Eu amo Brasília. O Plano Piloto foi cenário da minha adolescência. Cresci numa superquadra da Asa Sul, dentro de um conceito de morar que nasceu das pranchetas e do gênio de Oscar Niemeyer e Lúcio Costa. Era uma delícia encontrar a turma debaixo do bloco -os edifícios de pilotis transformados em praça. Uma Brasília que talvez sobreviva apenas na minha memoria afetiva.

A capital moderna e do futuro encontrou pela frente o Brasil real. O ordenamento urbano idealizado por seus criadores foi atropelado por um inchaço populacional que hoje se traduz em engarrafamentos e índices crescentes de violência.

Brasília, no entanto, evoca em mim Bossa Nova. Aquele Brasil de JK, dos anos 1960, charmoso, refinado e orgulhoso de sua grandiosidade. Eu vivi a Brasília do rock'n'roll, resposta de uma geração que cresceu na Capital Federal e no Brasil dos generais. Deixei Brasília nos final dos anos 1990.

Hoje, quando retorno para visitar parentes ou a trabalho, tenho a sensação de que a Brasília de Niemeyer foi sufocada por outra, que tem mais a cara de Goiás, o Estado que abrigou a nova capital.

O arquiteto das curvas perdeu a parada para Joaquim Roriz e outros administradores da mesma estirpe e dos mais variados matizes ideológicos. Todos aquém do belo sonho de uma capital de vanguarda no centro de
um planalto vazio.

DO ROCK AO SERTANEJO

Essa nova face se traduz na trilha sonora.
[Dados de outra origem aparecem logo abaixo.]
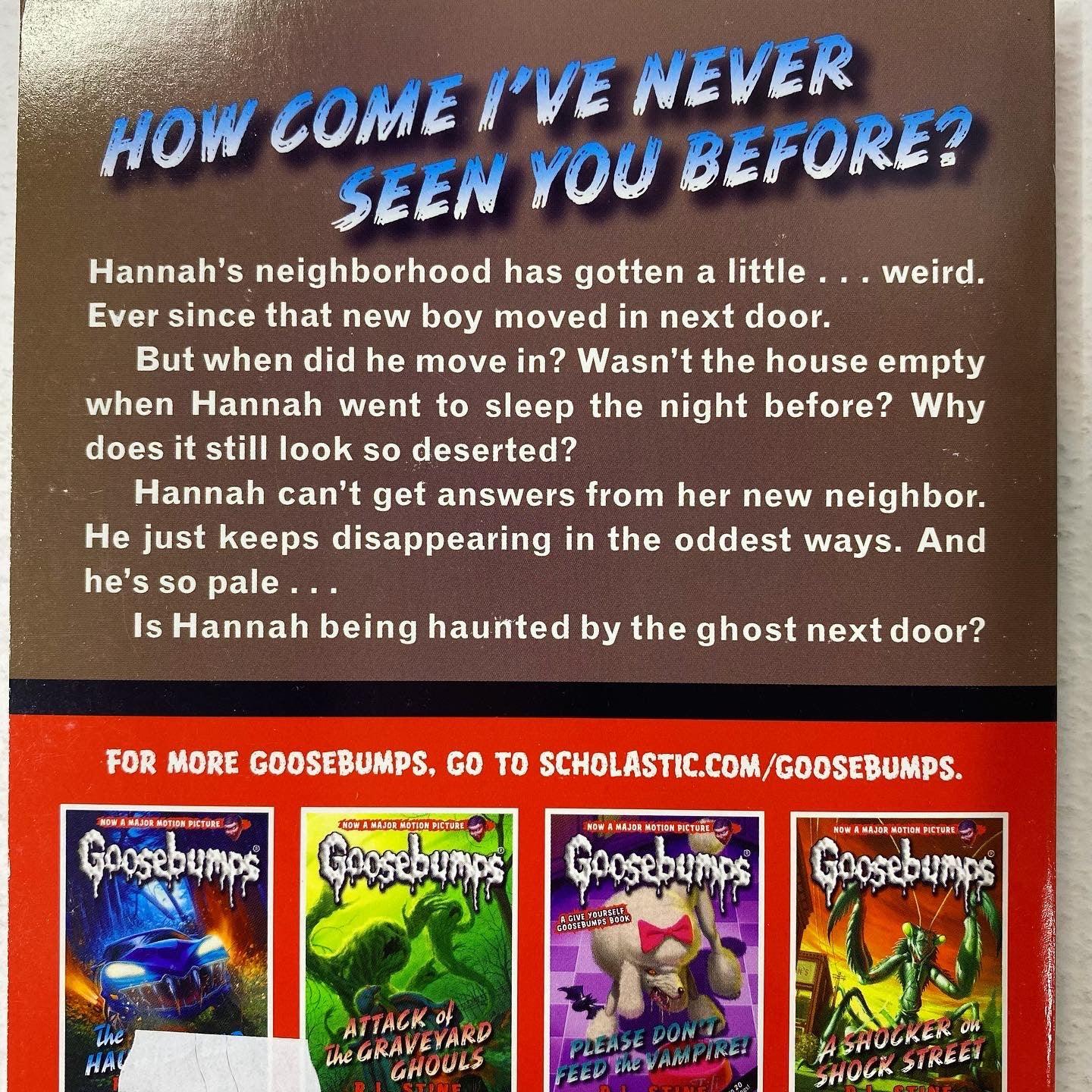 Goosebumps - The Ghost Next Door - Spectrawide Bookstore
Arrisco dizer que os jovens brasilienses, tanto do Plano Piloto quanto das cidades satélites, hoje ouvem mais música sertaneja do que o forró dos candangos nordestinos, que foram para Brasília erguer a cidade planejada e por lá ficaram espalhados pelos seus arredores.

Também não se ouve tanto o repique do samba, preferência dos cariocas que eram maioria no funcionalismo público para lá transferido.

Constatações que não diminuem o amor que sinto por aquela terra avermelhada e por aquele céu único e infinito de Brasília. Portanto, turistas, moradores, políticos, candangos e brasilienses, da gema ou adotados, mais respeito com a minha cidade.